The key to developing code is the “edit/compile/debug” cycle: the faster and more transparently you can go from ‘edit’ to ‘debug’, the faster you can make changes to your code, and the less code you feel like you have to write between testing your changes. If it takes less than half a second or so from changing some code to seeing if that code works, you can damned near debug code at the same time you write it.
And an integrated development environment allows this to happen: with the old method of a separate editor (vi, say), you would make your code changes, escape out of vi, go to the command line and type ‘ant’ or ‘make’ or whatever, wait for the code to compile–write down the line number (or open up a separate window) where the error occurred, open up vi, change the mistake, exit vi, run make again, start up the debugger tool (assuming you even have one!), run your program–it’s a mess.
In Eclipse, the compile error is shown as you type–so you fix your errors as you make them.

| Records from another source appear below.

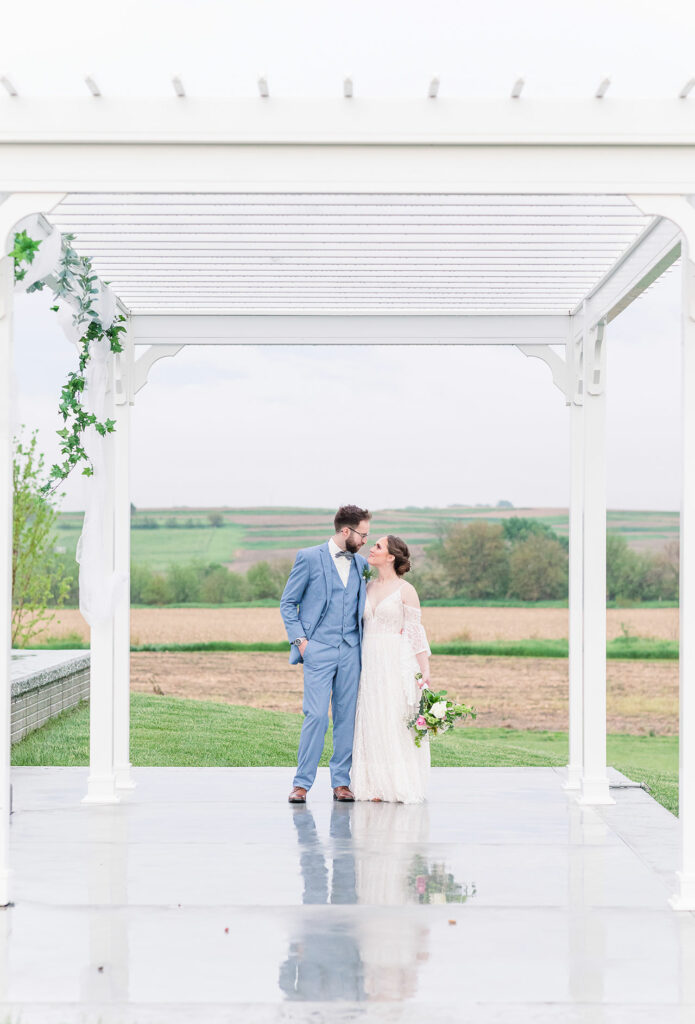 Bride and groom stand under gazebo | Emma Christine Creative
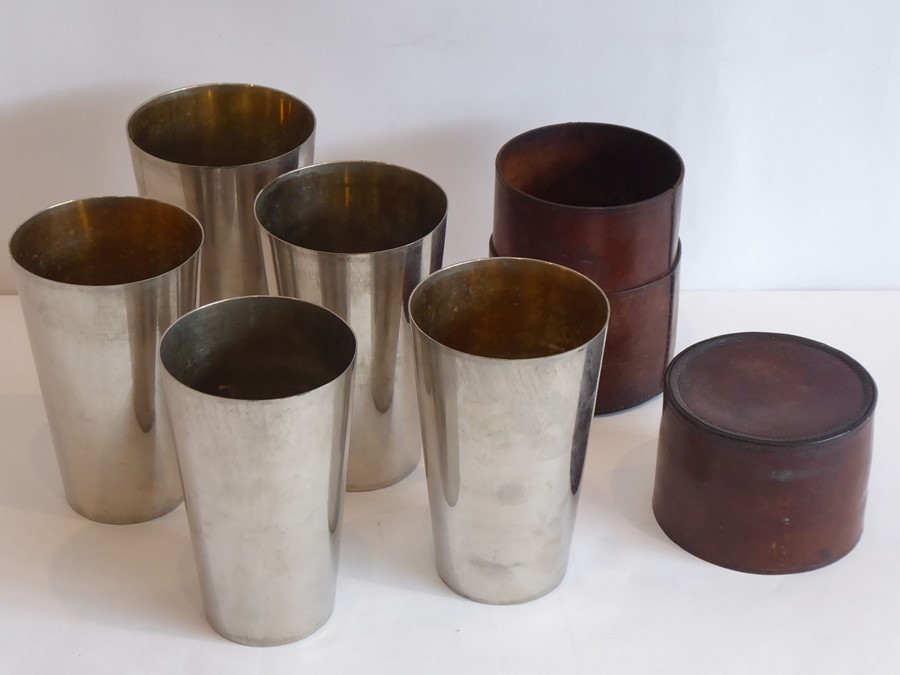 An early-20th century set of five silver-plated concentric beakers of tapering form within a hand-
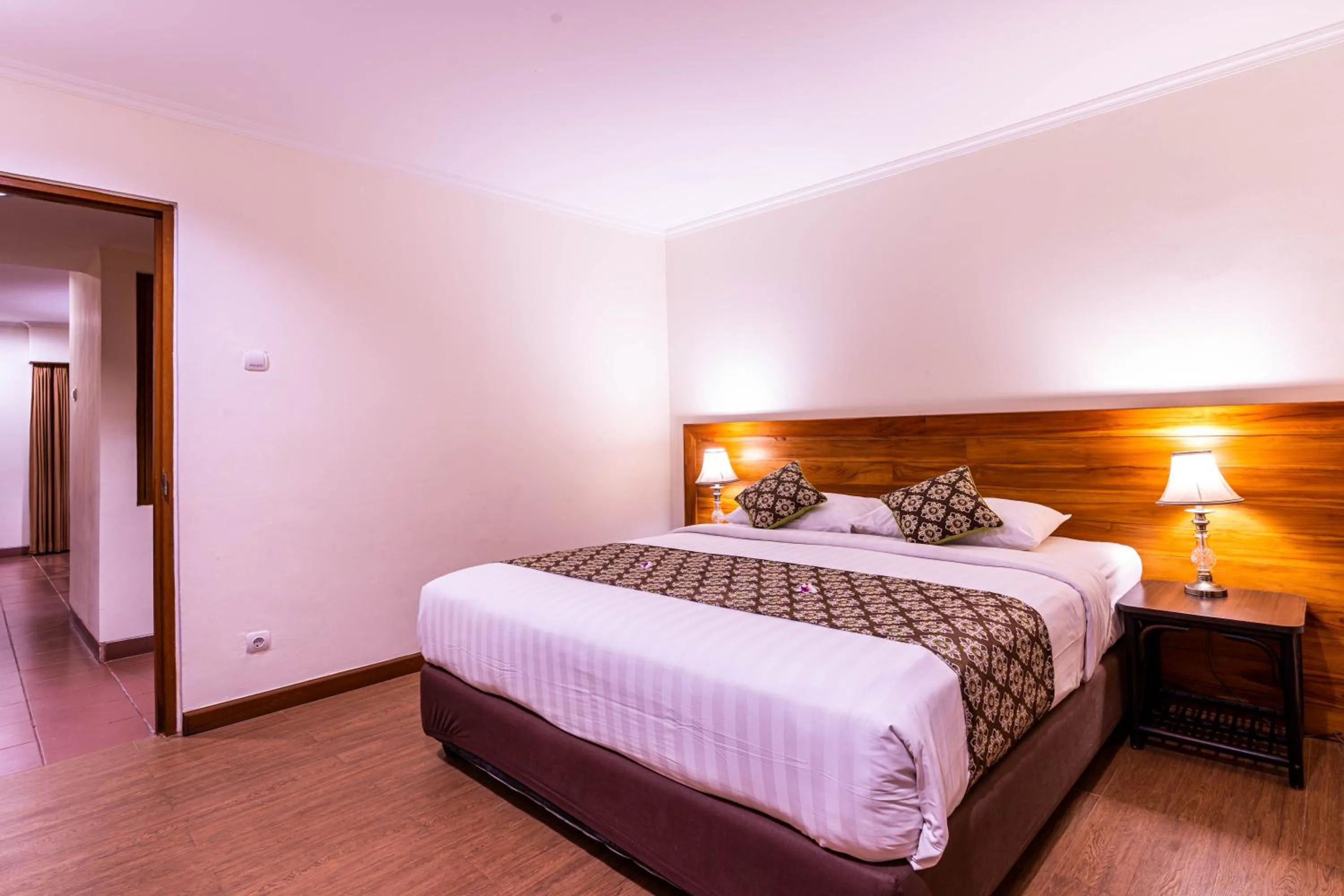 Bed in Plagoo Holiday Hotel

And to debug, you press the ‘debug’ button.
I note this because for some strange reason I cannot figure out, even though we have the most powerful development tools on the planet today–tools which even make the goodness of ‘Think C’ look like primitive flint knives and crudely crafted clubs, for some fucking reason I cannot fathom, the code I’m working on is still built using command-line tools and editors first invented in the 1970’s!
There is nothing about our project that cannot be handled in Eclipse or NetBeans or the JetBrains IDEs–yet co-workers who are younger than ‘vi’ insist upon using build methods that are older than they.
Next think you’ll know, they’ll insist upon giving up their cars and commuting to work by horse-drawn wagons.